Moreover, the BBC’s local election coverage in that year did not deal with Wales in any way. As Professor King’s report said, “…of 37 BBC stories that dealt with devolved matters during the four weeks analysed… only one related to Wales”.

Tonight Anthony King will deliver the Royal Television Society lecture at the National Assembly’s Pierhead building in Cardiff Bay when he will revisit these issues.

In 2010 the Cardiff School of Journalism, Media and Cultural Studies School carried out some follow up work which revealed there has been a significant increase in the number of news items dedicated to the devolved nations on the BBC’s network news programmes. However, the report went on to say that these improvements were somewhat overshadowed by the continued problem of misleading and confusing coverage of devolved issues, such as health and education, where stories that only apply to England are reported as if they apply to the UK as a whole.

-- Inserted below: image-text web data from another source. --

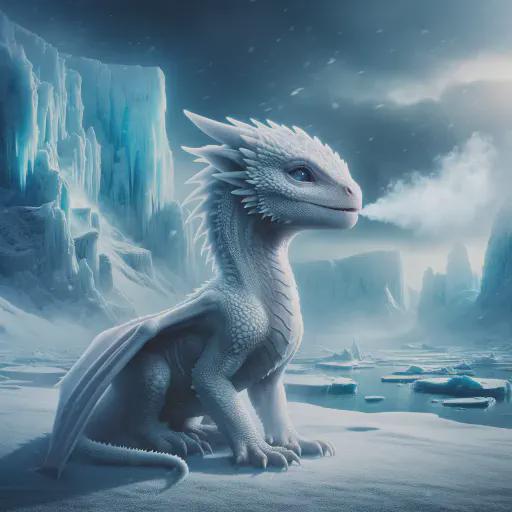 baby white dragon in fantasy movie style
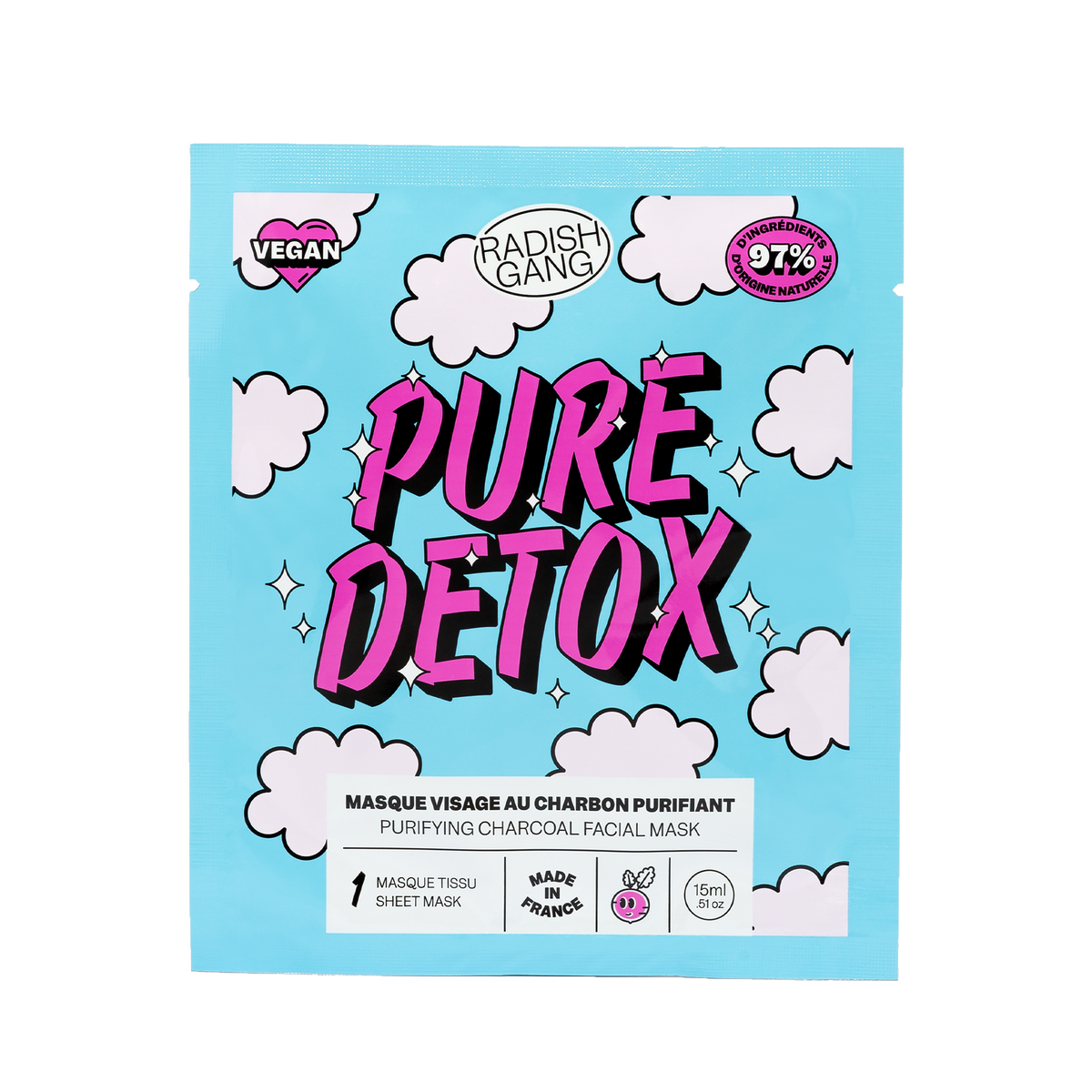 RADISH GANG Masque tissu Pure detox Bleu 15ML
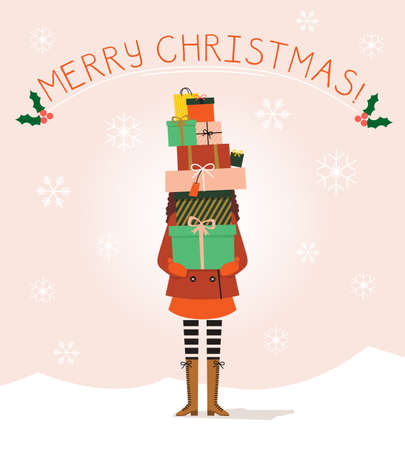 Merry Christmas Card with Pile of Gifts. Vector illustrationのイラスト素材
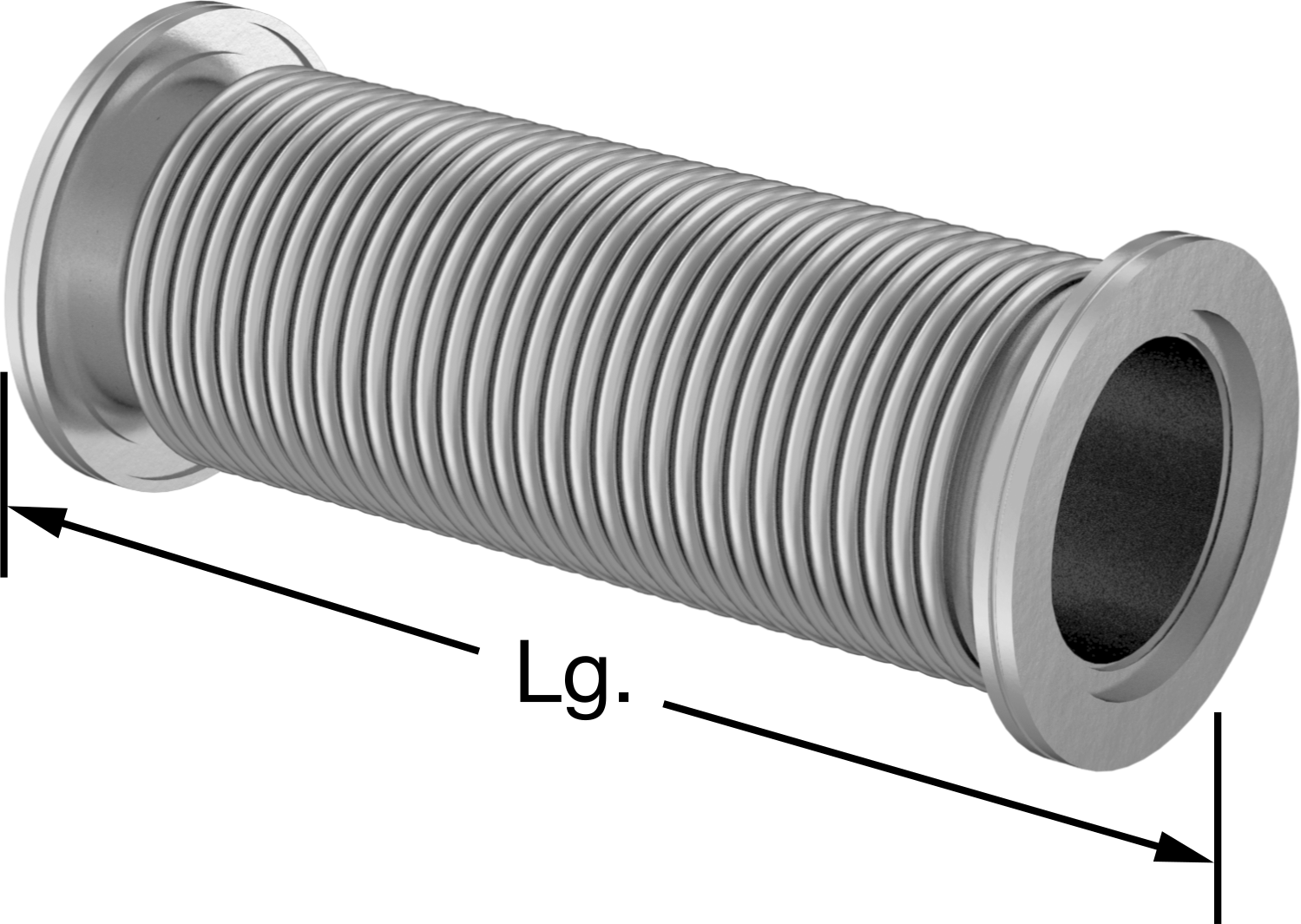 Pençe Kelepçeli Bağlantı Parçaları ile Yüksek Vakumlu Hortum, 4" Boru Dış Çapı için, Flanş Boyutu 100, 12" Uzunluk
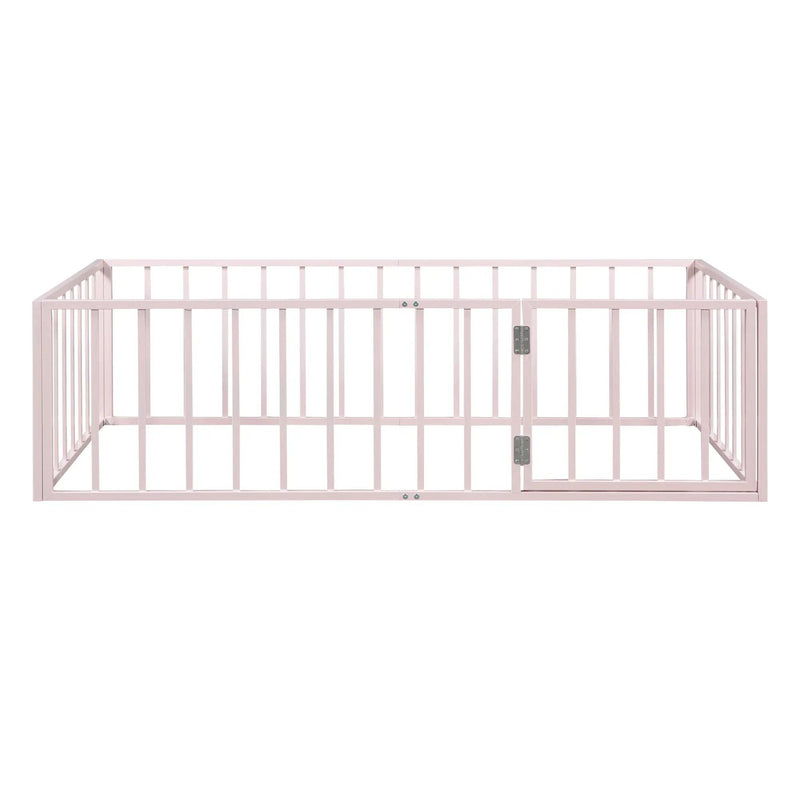 Metal Floor Bed Frame With Fence And Door by HouseOfZazla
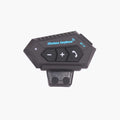 Black BT12 wireless earphone controller with call, volume buttons, isolated on white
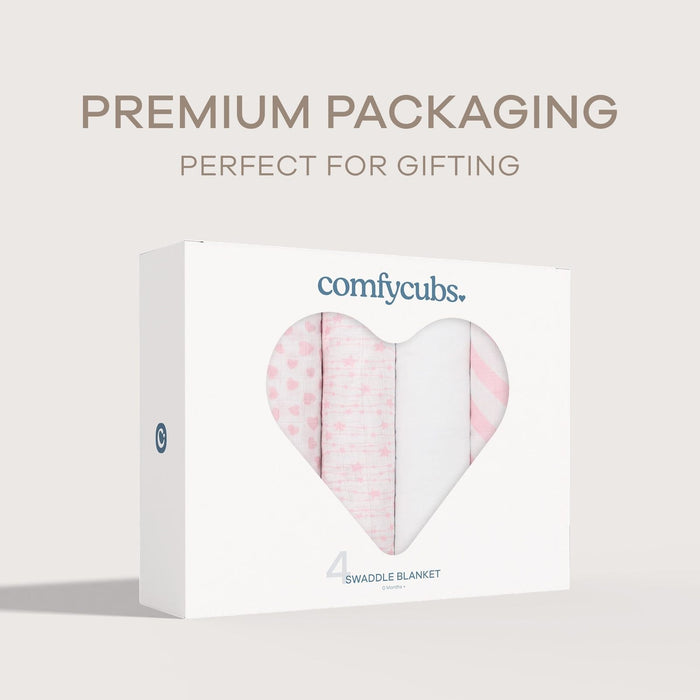 Muslin Swaddle Blankets, 4 Pack by Comfy Cubs - Pink Swaddles Comfy Cubs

In my view, the most acute example of this, to date, has been the proposed health changes from the coalition government in Westminster. Time and again we saw reports on network news where only a passing mention was made to the fact that these proposals only applied in England.

In this I am not just singling out the BBC. Referring to the commercial broadcaster the School of Journalism report said, “…we found little evidence of enhanced or increased coverage of devolved issues” since Professor King’s original report in 2008.

In fact we have excellent news and political programming from BBC Wales and ITV Wales.  But sadly, when you look at viewing trends, with both channels’ flagship news programmes combined, at best they reach around a sixth of the population every night.

Moreover, the BBC’s ‘Delivering Quality First Agenda’ will see a cut to political programming on BBC Wales.  That is a cut to dedicated coverage of the National Assembly for Wales.

There is also continued uncertainty over ITV’s commitment to news in the regions and nations, with recent redundancies announced. There also seems hesitance, on their part, to support a Wales-only franchise, a move that I believe would put many of our minds at rest.

But the problem doesn’t only lie with broadcasting. Many Welsh people only read London-based newspapers that often don’t recognise the existence of Wales, let alone that it has its own law-making parliament with a very different and unique set of policy objectives.

Three out of our five daily Welsh newspapers rely on a wire service for their Assembly news from the Press Association – which has its own resource issues – because they don’t have a dedicated reporter stationed at the Senedd.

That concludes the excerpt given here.